C'est ici qu'en l'Incarnation, Le Vivant, venu pour faire la volonté du Père, acquiesce par l’Amen à cette volonté, tandis que les vieillards, et toute la création avec eux, se prosternent et adorent.

Heure mystérieuse où le premier-né de toute la création devient le premier-né d'entre les morts (Col 1,15-18).

 



[1]  Seul est en dehors de Dieu l’acte libre d’une volonté voulue posé dans la non-liberté d’une volonté voulante. Sur ce sujet , qui demanderait bien des développements, on peut se reporter au livre de Maurice Blondel : L’action.

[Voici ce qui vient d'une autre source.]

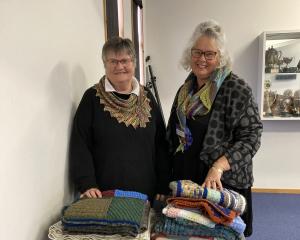 Creative Fibre South Canterbury delegate Sue Sanders (left) accepts a selection of woollen...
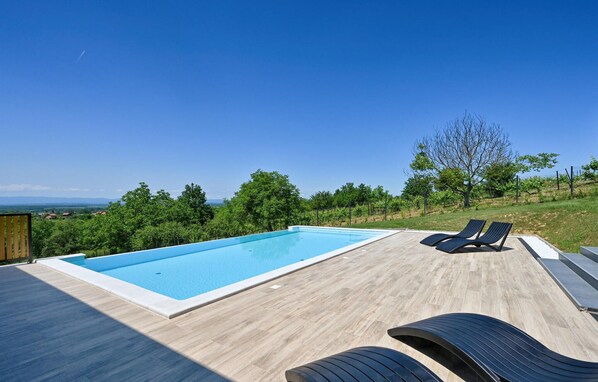 Relax by the pool surrounded by lush greenery and comfortable lounge chairs.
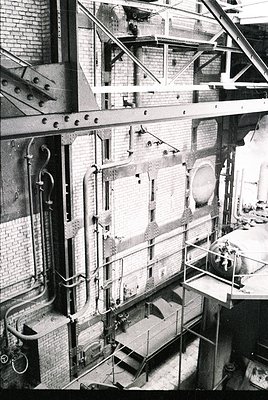 Industrial brick building interior with exposed steam pipes, scaffolding, and large circular/rectangular openings. Likely a 2...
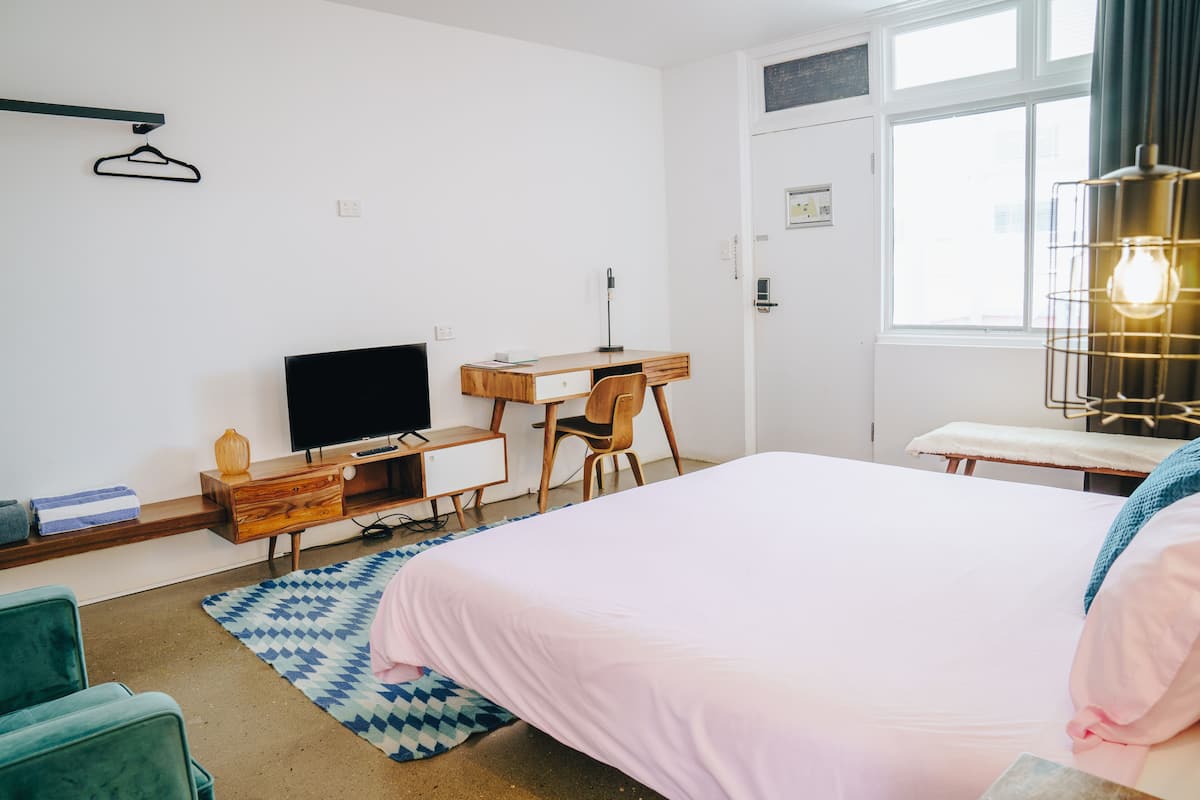 Een slaapkamer met een bed, bureau, stoel, televisie en een raam.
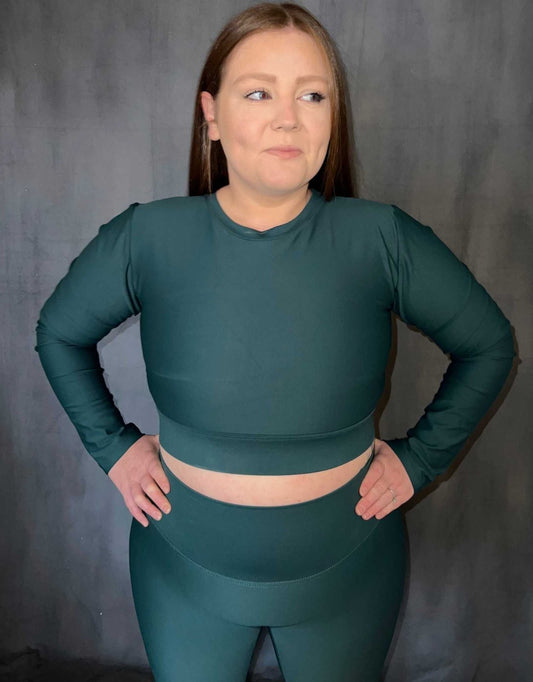 Girl wearing green (evergreen) long sleeve top from Vocus vit. She has her hands on her waist and is smiling. Vocus vit is a sustainable women's activewear brand that uses recycled materials and ethical manufacturing. Based in Northern Ireland. Shipping worldwide.Sizes XS (8) TO XXL (18).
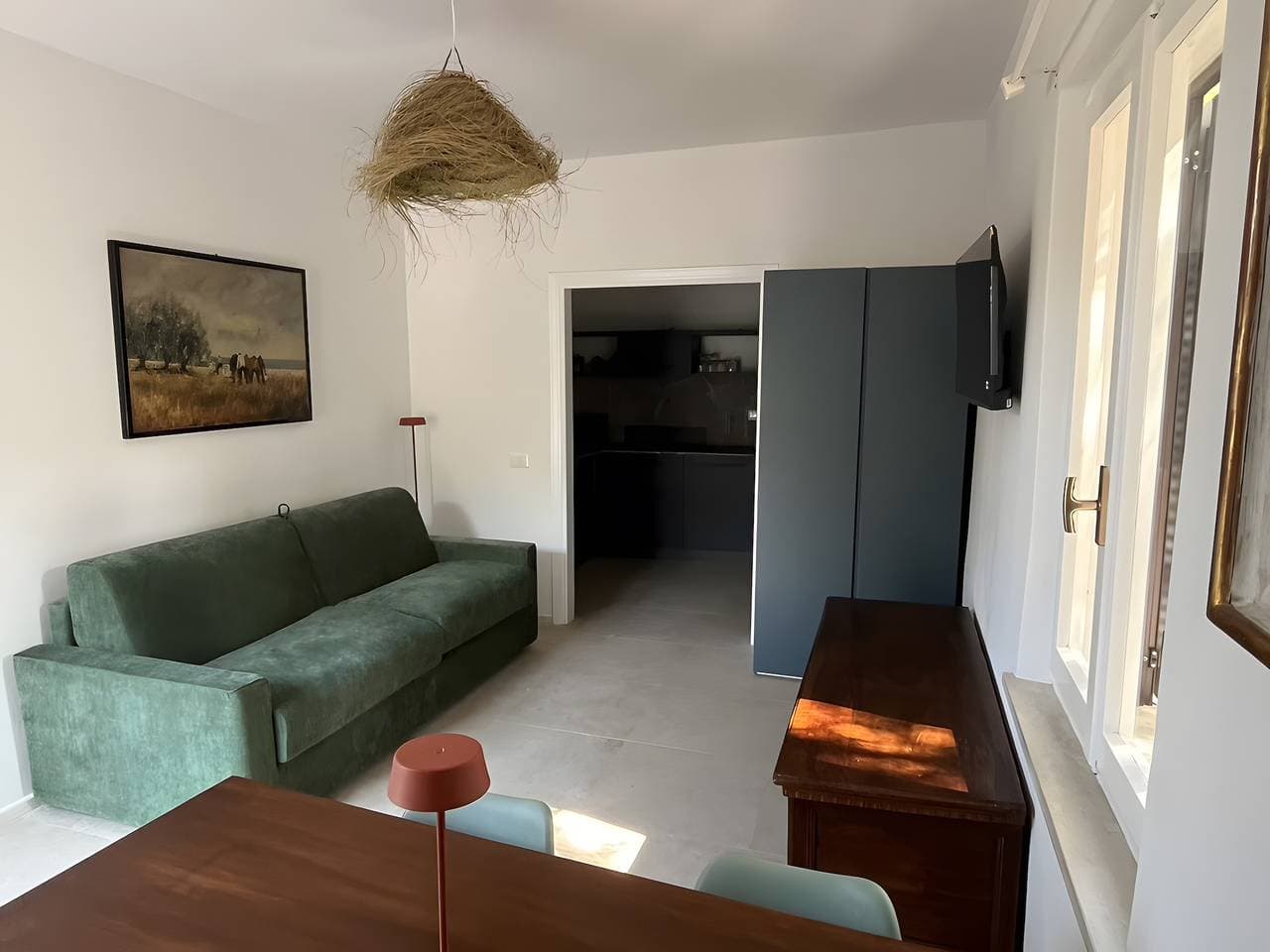 Foto 2 von 33: Apartment 'Il Casalino - Bilo 4' mit Bergblick, Gemeinschaftsgarten und Klimaanlage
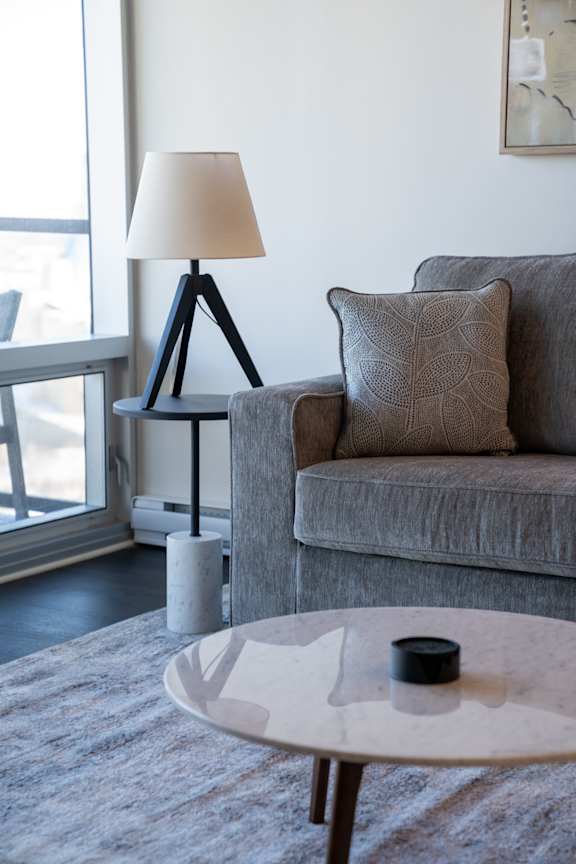 A lamp with a white shade is on a black tripod stand.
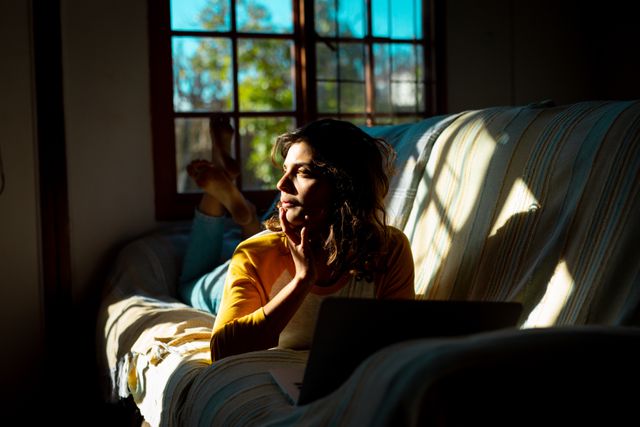 A relaxed biracial woman is lying on a sofa using a laptop in a sunny cottage living room. The scene is filled with natural light, creating a cozy and serene atmosphere. This image can be used for promoting healthy living, remote work, home office setups, and lifestyle blogs. It is also suitable for advertisements related to technology, leisure, and rural home living.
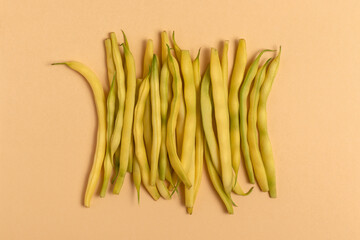 Yellow string beans on a beige background. Top view.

[2]  L’amour de préférence est légitime. Il y a des devoirs familiaux qui passent avant d’autres. Mais l’amour "en Christ" est sans exclusive. Cela explique le commandement d’aimer ses ennemis et de faire du bien à ceux qui vous persécutent. Un ennemi aimé restera un ennemi pourtant il deviendra un frère ! "La raison imposant ce renoncement : avec Dieu c’est nécessairement le tout ou rien. Le premier commandement requiert tout notre cœur et toutes nos forces. Il décuplera notre amour pour nos proches, à condition que celui-ci ne vienne pas se soustraire à l’amour de Dieu, mais bien plutôt s’y ajouter comme une façon de l’accomplir" (Bible chrétienne II*. Commentaires § 103).